Precise copying is required. Return the data below in full.

═══ Task input

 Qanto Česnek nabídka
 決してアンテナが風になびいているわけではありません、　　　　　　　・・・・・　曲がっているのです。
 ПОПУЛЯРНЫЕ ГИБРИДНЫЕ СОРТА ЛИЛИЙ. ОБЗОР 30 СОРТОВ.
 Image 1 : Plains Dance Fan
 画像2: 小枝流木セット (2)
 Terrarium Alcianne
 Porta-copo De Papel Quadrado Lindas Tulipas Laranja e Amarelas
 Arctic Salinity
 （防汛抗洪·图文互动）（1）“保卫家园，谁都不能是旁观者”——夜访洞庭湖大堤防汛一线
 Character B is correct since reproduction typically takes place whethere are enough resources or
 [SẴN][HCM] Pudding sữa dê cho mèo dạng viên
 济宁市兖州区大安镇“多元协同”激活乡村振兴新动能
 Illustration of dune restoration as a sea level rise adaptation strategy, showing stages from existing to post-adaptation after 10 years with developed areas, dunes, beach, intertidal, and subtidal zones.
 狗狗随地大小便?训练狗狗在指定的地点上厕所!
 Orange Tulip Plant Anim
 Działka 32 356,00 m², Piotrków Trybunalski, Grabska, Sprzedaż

══════

**Solution for this task**
 Qanto Česnek nabídka
 決してアンテナが風になびいているわけではありません、　　　　　　　・・・・・　曲がっているのです。
 ПОПУЛЯРНЫЕ ГИБРИДНЫЕ СОРТА ЛИЛИЙ. ОБЗОР 30 СОРТОВ.
 Image 1 : Plains Dance Fan
 画像2: 小枝流木セット (2)
 Terrarium Alcianne
 Porta-copo De Papel Quadrado Lindas Tulipas Laranja e Amarelas
 Arctic Salinity
 （防汛抗洪·图文互动）（1）“保卫家园，谁都不能是旁观者”——夜访洞庭湖大堤防汛一线
 Character B is correct since reproduction typically takes place whethere are enough resources or
 [SẴN][HCM] Pudding sữa dê cho mèo dạng viên
 济宁市兖州区大安镇“多元协同”激活乡村振兴新动能
 Illustration of dune restoration as a sea level rise adaptation strategy, showing stages from existing to post-adaptation after 10 years with developed areas, dunes, beach, intertidal, and subtidal zones.
 狗狗随地大小便?训练狗狗在指定的地点上厕所!
 Orange Tulip Plant Anim
 Działka 32 356,00 m², Piotrków Trybunalski, Grabska, Sprzedaż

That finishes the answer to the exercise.